Stolpersteine im Homeoffice – Update zur Versicherung von Arbeitsunfällen

Auch wer als Beschäftigter eines Unternehmens im Homeoffice arbeitet, ist seit einer Gesetzesänderung 2021 automatisch gesetzlich unfallversichert. Doch was genau gilt als Arbeitsunfall im Homeoffice? Ein Update.

Homeoffice
Auch wer im Homeoffice arbeitet, ist gesetzlich unfallversichert. Bild: picture alliance / Westend61 | Ok Shu

Die Beschäftigten eines Unternehmens sind automatisch gesetzlich unfallversichert – und zwar inzwischen nicht mehr nur im Betrieb selbst, sondern auch im Homeoffice. Was Unternehmen und Beschäftigte zum Arbeitsunfall im Homeoffice wissen sollten, erklärt Rechtsanwältin Franziska Wasem von der Kanzlei Kliemt.Arbeitsrecht.

Frau Wasem, was ist überhaupt ein Arbeitsunfall?

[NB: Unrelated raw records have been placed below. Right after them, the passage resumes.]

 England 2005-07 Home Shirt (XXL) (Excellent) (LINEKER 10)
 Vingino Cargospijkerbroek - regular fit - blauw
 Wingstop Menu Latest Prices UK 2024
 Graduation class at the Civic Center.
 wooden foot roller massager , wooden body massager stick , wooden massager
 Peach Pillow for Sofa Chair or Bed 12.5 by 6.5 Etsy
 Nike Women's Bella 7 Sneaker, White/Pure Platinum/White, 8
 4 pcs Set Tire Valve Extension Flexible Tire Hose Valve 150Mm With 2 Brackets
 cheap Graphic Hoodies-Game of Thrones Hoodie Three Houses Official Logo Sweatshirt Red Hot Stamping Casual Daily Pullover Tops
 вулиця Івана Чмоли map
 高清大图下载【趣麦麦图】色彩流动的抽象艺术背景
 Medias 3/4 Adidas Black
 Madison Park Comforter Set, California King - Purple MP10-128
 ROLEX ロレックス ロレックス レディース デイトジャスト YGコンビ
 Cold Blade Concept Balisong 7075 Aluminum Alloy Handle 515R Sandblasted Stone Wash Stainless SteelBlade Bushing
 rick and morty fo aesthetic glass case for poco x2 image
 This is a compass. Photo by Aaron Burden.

Als Arbeitsunfall gelten grundsätzlich alle Unfälle, die versicherte Beschäftigte infolge einer versicherten Tätigkeit erleiden. Der klassische Fall ist der, dass sich jemand direkt bei der Arbeit verletzt. Zu denken ist beispielsweise an den Bauarbeiter, der vom Gerüst stürzt, oder auch die Servicekraft, die während ihrer Servicetätigkeit über ein Tischbein stolpert. Es kommt dabei heute nicht mehr darauf an, dass der Beschäftigte im Betrieb selbst einen Unfall erleidet.

Heißt also, einen Arbeitsunfall kann ich auch im Homeoffice erleiden?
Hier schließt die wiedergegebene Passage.